Lord, I sit here this morning before you with but one burning desire. I am tired…Stop the World I want to get off. I want to go home!
It’s not that the battle is too difficult. You have armed me with the truth to defend you. As people come out of the shadows to attack my faith they immediately retreat when I defend you with your Truth contained in Scripture.
I watch, as the intense light in their eyes grows dim as each of their half-truths fall to the ground before them, never hitting their mark.
Why, because their words are lies that have no foundation to stand on. Deep inside them they know this for you have put within them a moral compass, their conscience. Even though it is broken and calloused within them the vestiges of the truth remain as echoes within their hearts. When they hear your truth they shut their mouths before you.
I have pleaded with you for years to equip me to stand where the battle is hottest, in the forefront of darkness, so your light can shine the brightest. You have given me the privilege and honor, of being one of your light bearers.
This year more than the rest has caused me to reflect on my past. I have walked with you and done my best to serve you but I am tired.

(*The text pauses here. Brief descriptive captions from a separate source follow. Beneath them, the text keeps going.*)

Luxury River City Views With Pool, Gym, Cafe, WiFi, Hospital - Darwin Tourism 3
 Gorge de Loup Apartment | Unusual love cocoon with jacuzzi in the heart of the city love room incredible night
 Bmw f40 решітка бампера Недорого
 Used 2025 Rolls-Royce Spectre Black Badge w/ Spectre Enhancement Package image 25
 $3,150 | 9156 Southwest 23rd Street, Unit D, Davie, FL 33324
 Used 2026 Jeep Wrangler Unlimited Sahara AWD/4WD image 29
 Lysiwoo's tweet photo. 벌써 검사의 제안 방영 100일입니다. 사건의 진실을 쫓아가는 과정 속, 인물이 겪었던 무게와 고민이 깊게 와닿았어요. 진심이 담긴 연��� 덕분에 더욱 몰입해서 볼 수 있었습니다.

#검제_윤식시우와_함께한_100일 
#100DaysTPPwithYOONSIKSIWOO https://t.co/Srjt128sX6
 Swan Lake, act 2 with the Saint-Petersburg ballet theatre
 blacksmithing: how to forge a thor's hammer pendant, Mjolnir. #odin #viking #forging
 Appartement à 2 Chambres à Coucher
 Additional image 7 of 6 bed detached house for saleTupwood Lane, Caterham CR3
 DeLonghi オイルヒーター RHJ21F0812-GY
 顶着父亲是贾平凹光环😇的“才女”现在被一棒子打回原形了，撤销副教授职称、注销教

No, I am not tired of you, but tired of them. You have asked me to love them. I have watched them, listened to them, and had contact with them. But it seems that my heart, which at one time went out to them is now growing cold towards them.
I have become ever more restless having no peace in my mind, my heart or my soul. I come home from work, turn on the TV, listen to the talking heads and look into the window of the world’s dead soul.
It began ever so slowly many years ago, the Mocking of God. A few years ago on an animated program called South Park a new Christmas character came alive and became so popular that you could buy it in stores and give it too friends. It was called the Christmas Pooh a piece of excrement with a Santa hat. It reflected the true commercialization of Christmas by the world.
People laughed, they openly mocked God. It seems life just goes on without interruption for those who mock YOU. They take your Mercies for granted not realizing that daily they are building up their “Divine Layaway Plan”. It is an account called “Sin now…pay later”.
I am reminded of the time I went to a water park called the Schlitterbahn in Texas. They gave me an inner tube so I could float casually throughout miles of river. Although I thought I could stay dry during my trip, I ended up covered with water, soaked to my skin. Life is like that inner tube ride.
We float on sewage, thinking we are above it, but at the end of the ride sewage has permeated every pore of our being. We have become one with the sewage, because we want so desperately to belong to the group and not stand out.
You’re Word says you will judge everyone according to their deed’s, their words, their thoughts, and even the motives of their hearts. You have stated that no one is good enough to evade going to hell.
We continue to judge ourselves by our standards. Standards of goodness and charity like Mother Theresa, Gandhi or today it would be Oprah. The standard for entrance into your heaven is HOLINESS, and perfection.
You proclaim to us in Your Word that every human being has fallen short of this standard and is in need of a Savior. No one is righteous, not one!
People have created a world made in their image, exalting their image not yours. People are building the tower of Babel again. Your statement about when the end comes referring to “It will be as in the times of Noah” is coming true before my eyes.
Why Lord do they have no eyes to see, no ears to hear? Their gaze is always inward and their hearts are cold as stone in the dead of winter.
“The Truth has become the lie”. Wrong has become right in their eyes. Evil has replaced Good and the whirlwind of chaos is upon them as in ignorance they question why they now reap what they have sown.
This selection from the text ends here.